Supplied material:
--- START ---

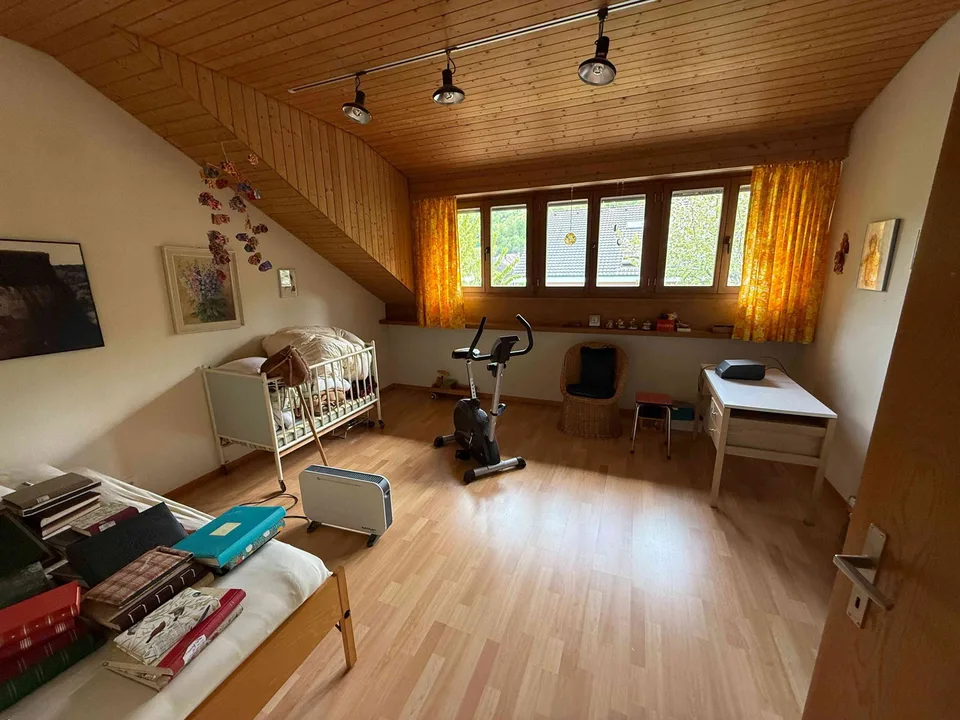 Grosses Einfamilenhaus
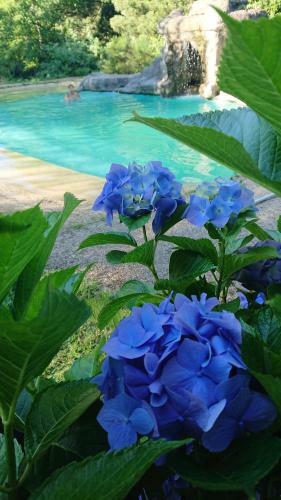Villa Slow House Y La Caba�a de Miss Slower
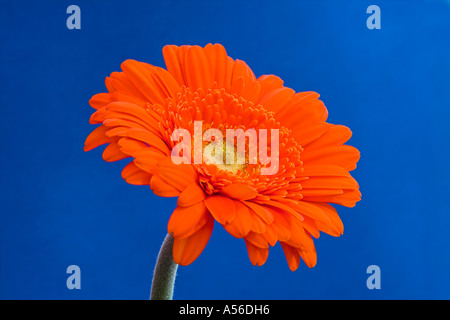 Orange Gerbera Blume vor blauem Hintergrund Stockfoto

--- END ---
--- START ---

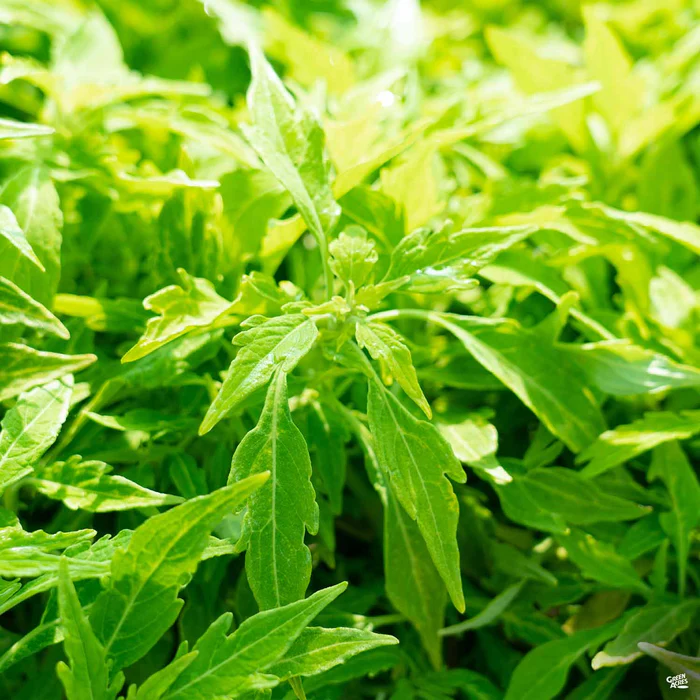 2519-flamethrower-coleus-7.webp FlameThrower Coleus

--- END ---
--- START ---

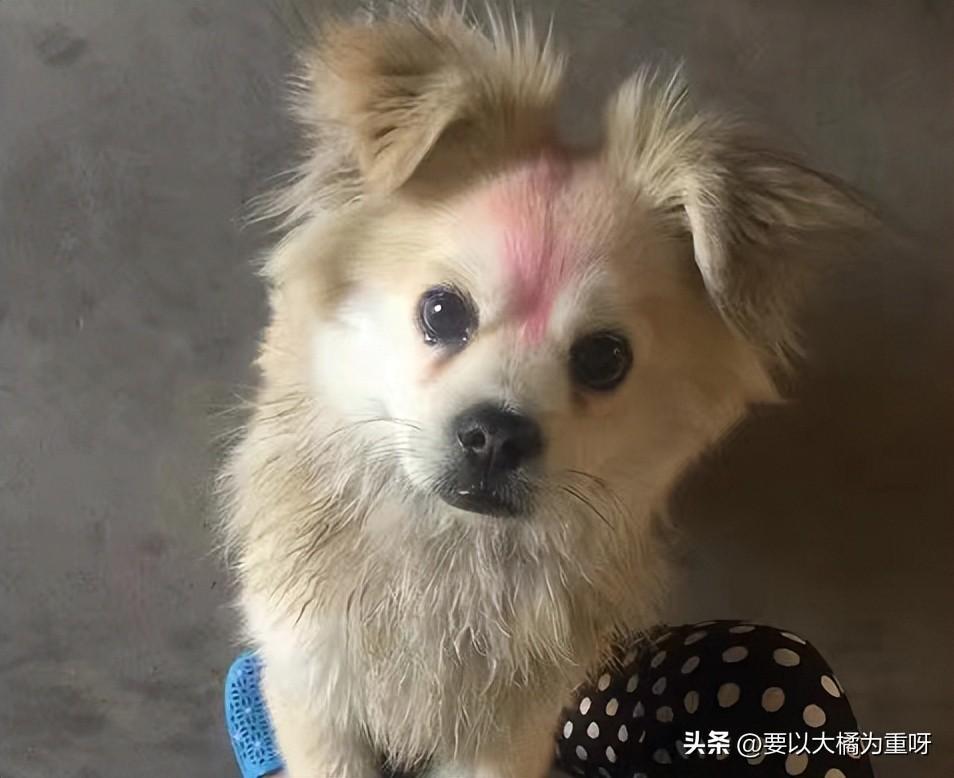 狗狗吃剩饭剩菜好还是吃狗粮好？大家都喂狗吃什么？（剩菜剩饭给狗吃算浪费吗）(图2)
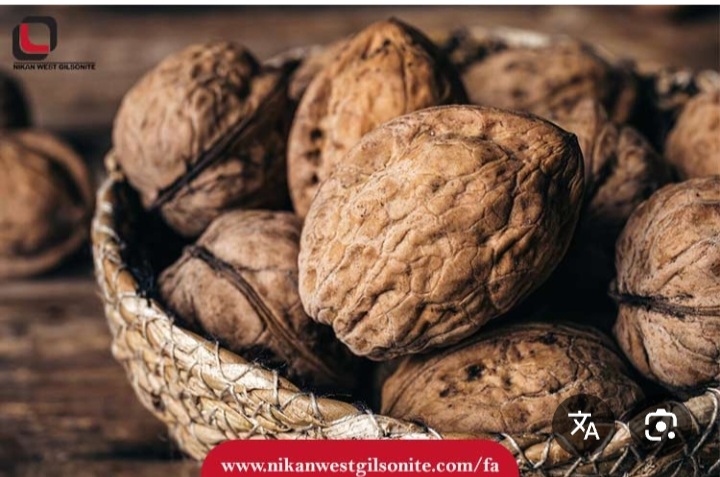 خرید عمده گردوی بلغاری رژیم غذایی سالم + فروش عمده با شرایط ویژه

--- END ---

What needs to be done: Only the lines of the listing above from the one with "Grosses Einfamilenhaus" through the one with "Orange Gerbera Blume" should be output, exactly, with both ends kept and pictures left out.

Answer to this exercise:
 Grosses Einfamilenhaus
Villa Slow House Y La Caba�a de Miss Slower
 Orange Gerbera Blume vor blauem Hintergrund Stockfoto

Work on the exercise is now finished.